= Participatory defense =

Community organizing model

Participatory defense is a community organizing model that empowers individuals and communities to actively participate in the defense of their loved ones facing criminal charges. Developed in 2009 in the United States, this model seeks to transform the criminal justice system. Participatory defense enhances the influence of essential stakeholders—individuals accused of crimes, their relatives, and their communities—in efforts to reform the system. It enables these stakeholders to evolve from being mere recipients of services from attorneys and other experts to becoming proactive contributors who demand increased transparency, accountability, and equity from criminal justice systems.
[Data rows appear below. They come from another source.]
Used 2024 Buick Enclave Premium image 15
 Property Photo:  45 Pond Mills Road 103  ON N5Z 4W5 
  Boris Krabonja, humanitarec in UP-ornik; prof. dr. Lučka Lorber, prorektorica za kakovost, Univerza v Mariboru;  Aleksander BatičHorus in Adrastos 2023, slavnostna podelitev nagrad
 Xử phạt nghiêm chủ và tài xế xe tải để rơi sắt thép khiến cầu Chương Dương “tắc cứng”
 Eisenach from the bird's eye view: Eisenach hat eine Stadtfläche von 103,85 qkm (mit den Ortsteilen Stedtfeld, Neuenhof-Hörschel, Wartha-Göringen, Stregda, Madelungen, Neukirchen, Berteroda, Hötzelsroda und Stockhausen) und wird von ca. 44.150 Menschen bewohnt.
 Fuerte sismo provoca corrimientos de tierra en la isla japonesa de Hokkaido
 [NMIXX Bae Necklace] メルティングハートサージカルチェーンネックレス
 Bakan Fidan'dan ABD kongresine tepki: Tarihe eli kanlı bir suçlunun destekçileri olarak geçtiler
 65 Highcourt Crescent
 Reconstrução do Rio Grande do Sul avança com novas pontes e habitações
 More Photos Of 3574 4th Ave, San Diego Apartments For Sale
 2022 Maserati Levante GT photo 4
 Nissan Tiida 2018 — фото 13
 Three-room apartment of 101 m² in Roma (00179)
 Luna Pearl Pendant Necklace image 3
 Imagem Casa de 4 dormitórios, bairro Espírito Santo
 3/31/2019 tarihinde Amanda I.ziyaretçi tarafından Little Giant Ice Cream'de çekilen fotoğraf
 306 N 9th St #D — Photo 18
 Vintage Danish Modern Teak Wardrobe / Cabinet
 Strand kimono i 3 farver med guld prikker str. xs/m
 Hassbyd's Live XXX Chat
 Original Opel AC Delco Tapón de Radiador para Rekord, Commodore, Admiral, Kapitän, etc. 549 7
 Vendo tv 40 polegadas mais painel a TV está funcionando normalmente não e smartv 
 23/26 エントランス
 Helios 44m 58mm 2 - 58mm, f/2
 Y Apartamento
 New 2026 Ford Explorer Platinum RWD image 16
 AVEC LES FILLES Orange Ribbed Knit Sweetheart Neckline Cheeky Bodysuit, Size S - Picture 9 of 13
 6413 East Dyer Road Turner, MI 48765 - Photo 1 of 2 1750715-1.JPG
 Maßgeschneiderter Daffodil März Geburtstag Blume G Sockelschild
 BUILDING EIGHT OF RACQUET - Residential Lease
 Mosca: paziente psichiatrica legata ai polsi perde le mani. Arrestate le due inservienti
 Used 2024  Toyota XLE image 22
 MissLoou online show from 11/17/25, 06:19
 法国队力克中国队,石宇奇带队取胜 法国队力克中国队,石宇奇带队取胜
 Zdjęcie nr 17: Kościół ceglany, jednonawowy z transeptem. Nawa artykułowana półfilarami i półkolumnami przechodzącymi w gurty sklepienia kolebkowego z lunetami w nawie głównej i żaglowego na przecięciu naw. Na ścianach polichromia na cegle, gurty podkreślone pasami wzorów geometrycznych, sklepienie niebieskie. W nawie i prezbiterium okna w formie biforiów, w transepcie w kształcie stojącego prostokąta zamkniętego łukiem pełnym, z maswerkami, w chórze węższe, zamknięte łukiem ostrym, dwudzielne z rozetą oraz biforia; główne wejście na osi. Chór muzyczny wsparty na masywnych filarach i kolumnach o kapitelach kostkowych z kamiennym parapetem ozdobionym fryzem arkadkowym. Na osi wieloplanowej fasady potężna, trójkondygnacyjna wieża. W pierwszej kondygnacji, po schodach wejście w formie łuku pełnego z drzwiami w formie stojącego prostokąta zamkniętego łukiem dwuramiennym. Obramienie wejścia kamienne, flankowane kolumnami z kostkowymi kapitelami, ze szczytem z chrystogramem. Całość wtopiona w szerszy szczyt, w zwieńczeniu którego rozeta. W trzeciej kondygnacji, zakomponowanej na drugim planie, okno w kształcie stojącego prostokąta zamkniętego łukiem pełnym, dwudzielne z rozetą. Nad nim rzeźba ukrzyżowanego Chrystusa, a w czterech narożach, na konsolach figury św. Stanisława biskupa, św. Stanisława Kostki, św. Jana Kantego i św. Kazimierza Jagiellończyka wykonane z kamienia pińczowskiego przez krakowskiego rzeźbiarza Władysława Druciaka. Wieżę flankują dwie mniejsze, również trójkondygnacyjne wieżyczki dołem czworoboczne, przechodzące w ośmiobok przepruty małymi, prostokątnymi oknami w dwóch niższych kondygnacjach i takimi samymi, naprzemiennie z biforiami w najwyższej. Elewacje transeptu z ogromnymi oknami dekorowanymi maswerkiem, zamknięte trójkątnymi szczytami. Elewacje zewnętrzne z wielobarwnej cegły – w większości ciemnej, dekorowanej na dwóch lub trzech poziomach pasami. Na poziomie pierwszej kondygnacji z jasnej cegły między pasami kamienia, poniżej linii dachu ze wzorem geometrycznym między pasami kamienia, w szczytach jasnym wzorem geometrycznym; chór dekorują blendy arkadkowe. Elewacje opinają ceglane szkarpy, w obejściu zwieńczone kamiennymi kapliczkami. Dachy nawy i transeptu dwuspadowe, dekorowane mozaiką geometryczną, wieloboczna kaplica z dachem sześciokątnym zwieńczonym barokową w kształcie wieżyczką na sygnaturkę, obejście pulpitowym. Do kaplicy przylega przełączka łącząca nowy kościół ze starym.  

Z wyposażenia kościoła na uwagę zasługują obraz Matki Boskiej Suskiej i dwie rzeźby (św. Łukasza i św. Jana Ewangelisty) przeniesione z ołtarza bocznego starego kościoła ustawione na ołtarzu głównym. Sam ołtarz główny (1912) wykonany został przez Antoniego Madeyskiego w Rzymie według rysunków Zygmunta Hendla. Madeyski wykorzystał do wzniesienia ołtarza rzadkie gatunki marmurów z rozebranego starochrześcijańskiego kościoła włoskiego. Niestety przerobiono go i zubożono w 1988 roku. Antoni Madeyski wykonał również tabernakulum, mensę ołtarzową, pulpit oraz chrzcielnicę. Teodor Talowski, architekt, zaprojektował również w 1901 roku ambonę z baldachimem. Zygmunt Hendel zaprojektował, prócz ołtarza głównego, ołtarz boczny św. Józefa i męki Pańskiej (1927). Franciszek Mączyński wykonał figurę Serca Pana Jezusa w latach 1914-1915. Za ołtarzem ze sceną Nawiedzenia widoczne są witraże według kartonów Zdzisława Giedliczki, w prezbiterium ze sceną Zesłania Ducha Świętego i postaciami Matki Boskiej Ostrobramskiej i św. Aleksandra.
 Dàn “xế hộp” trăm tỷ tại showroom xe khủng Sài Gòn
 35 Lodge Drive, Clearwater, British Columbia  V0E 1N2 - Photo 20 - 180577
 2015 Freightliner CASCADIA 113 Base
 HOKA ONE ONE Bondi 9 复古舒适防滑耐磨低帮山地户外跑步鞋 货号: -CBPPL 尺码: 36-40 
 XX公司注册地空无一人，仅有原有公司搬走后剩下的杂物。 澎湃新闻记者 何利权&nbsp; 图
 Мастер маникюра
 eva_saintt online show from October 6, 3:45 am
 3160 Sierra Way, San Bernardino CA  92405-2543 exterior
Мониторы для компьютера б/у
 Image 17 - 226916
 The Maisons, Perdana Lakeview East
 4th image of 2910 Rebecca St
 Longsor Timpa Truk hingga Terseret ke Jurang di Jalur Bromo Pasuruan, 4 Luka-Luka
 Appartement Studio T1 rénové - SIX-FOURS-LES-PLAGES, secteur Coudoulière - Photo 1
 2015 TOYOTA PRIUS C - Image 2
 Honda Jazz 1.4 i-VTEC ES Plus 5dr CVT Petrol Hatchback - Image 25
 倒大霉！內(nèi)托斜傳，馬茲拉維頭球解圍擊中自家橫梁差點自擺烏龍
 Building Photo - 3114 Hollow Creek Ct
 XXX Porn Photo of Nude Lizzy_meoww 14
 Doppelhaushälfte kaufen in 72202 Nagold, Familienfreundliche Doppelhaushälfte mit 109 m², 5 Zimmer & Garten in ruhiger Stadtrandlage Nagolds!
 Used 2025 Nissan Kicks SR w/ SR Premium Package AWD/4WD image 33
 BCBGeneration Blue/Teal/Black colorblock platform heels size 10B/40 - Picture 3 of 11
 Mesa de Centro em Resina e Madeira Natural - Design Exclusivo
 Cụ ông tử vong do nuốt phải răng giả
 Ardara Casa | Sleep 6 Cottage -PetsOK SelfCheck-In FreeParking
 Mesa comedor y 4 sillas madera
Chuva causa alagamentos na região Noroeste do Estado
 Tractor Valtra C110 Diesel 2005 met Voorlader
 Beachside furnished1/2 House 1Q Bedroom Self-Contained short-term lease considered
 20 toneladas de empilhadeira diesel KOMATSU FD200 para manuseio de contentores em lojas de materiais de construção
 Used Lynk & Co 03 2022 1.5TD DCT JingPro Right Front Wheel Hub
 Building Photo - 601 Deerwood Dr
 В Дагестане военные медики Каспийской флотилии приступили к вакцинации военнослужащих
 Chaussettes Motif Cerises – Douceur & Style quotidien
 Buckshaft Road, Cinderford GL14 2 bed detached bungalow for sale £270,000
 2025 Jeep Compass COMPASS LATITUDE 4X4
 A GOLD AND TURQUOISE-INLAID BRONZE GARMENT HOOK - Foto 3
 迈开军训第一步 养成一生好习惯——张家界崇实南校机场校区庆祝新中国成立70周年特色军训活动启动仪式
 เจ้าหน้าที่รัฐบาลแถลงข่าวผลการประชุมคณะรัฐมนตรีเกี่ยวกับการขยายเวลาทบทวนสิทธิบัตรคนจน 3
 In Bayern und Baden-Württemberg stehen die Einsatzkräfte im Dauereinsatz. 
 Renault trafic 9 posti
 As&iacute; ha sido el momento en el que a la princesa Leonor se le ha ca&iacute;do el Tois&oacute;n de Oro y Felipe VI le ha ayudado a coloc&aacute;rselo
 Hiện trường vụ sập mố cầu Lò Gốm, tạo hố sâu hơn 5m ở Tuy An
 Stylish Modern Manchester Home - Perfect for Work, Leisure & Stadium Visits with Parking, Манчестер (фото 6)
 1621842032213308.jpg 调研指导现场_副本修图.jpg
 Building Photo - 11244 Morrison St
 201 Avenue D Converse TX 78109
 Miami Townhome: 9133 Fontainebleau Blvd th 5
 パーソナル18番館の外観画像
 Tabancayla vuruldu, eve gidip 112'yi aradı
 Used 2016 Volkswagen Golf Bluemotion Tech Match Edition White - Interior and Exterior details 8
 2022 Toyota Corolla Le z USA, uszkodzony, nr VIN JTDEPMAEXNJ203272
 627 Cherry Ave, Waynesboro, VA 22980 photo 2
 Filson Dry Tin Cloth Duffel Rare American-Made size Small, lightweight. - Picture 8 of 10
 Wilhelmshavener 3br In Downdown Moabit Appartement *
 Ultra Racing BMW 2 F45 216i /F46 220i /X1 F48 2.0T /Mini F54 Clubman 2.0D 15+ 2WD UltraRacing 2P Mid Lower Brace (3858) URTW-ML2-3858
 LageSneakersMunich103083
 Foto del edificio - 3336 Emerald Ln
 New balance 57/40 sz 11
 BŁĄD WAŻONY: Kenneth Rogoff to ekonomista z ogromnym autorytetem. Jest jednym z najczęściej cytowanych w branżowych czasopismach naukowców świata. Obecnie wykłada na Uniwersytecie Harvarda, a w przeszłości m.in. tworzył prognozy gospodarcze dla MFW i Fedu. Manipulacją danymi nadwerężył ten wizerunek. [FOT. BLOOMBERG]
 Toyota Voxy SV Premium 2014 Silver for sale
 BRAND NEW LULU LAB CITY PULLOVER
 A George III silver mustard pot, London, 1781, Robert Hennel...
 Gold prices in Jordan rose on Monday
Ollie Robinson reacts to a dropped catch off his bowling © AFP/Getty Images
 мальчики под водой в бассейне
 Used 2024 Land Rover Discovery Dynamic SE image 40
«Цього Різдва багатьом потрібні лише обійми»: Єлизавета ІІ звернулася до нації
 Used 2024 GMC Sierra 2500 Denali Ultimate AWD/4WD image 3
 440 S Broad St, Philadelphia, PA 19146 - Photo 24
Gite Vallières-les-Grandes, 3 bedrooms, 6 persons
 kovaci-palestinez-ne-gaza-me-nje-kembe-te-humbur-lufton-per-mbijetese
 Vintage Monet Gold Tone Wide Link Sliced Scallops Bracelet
According to Raj Jayadev, founder of the Participatory Defense Network and Silicon Valley De-bug, there are four main components to the Participatory Defense model, which include community organizing, storytelling, courtroom advocacy, and community healing. Participatory Defense aims to empower communities to take ownership of the criminal justice system, build relationships within the community, humanize defendants, provide emotional support, and achieve better outcomes for defendants and their families. Participatory Defense has successfully created a sense of justice and accountability within the community. Moreover, Participatory Defense challenges the traditional role of defense attorneys by engaging communities in the legal process and using personal narratives to humanize, shifting the narrative away from criminality and towards individual circumstances and needs.

== History ==
Participatory defense emerges in the early 2000s from social movements that underscored the need for community-driven approaches to criminal justice Police injustices, including racial profiling, excessive use of force, and wrongful convictions, are prevalent issues within the criminal justice system and disproportionately affect communities of color. Several articles have examined the harmful impact of police injustices on communities and individuals. These impacts prompted widespread advocacy efforts aimed at reforming the legal landscape, exploring alternative models, and addressing systemic inequities. Grassroots organizers and legal advocates began to prioritized community empowerment and engagement. The emergence of participatory defense in 2009 represented a significant milestone in this endeavor, as it provided a structured framework for communities to actively participate in the defense of their loved ones facing criminal charges. Drawing inspiration from community organizing principles and social justice movements, participatory defense sought to democratize the legal process by elevating the voices and experiences of those most affected by the criminal justice system.

== Impact ==
Participatory defense has had major success and community impact throughout the United States and can be seen in the experiences of the individuals and communities that have participated in it. Police injustices, including racial profiling, excessive use of force, and wrongful convictions, are prevalent issues within the criminal justice system and disproportionally affect communities of color. Several articles, have examined the harmful impact of police injustices on communities and individuals. These articles highlight the need for systemic change to address these issues and help provide insight into the ongoing challenges and complexities of the criminal justice system, as well as the potential for community-based initiatives to create meaningful change. Participatory Defense emerged to address these concerns.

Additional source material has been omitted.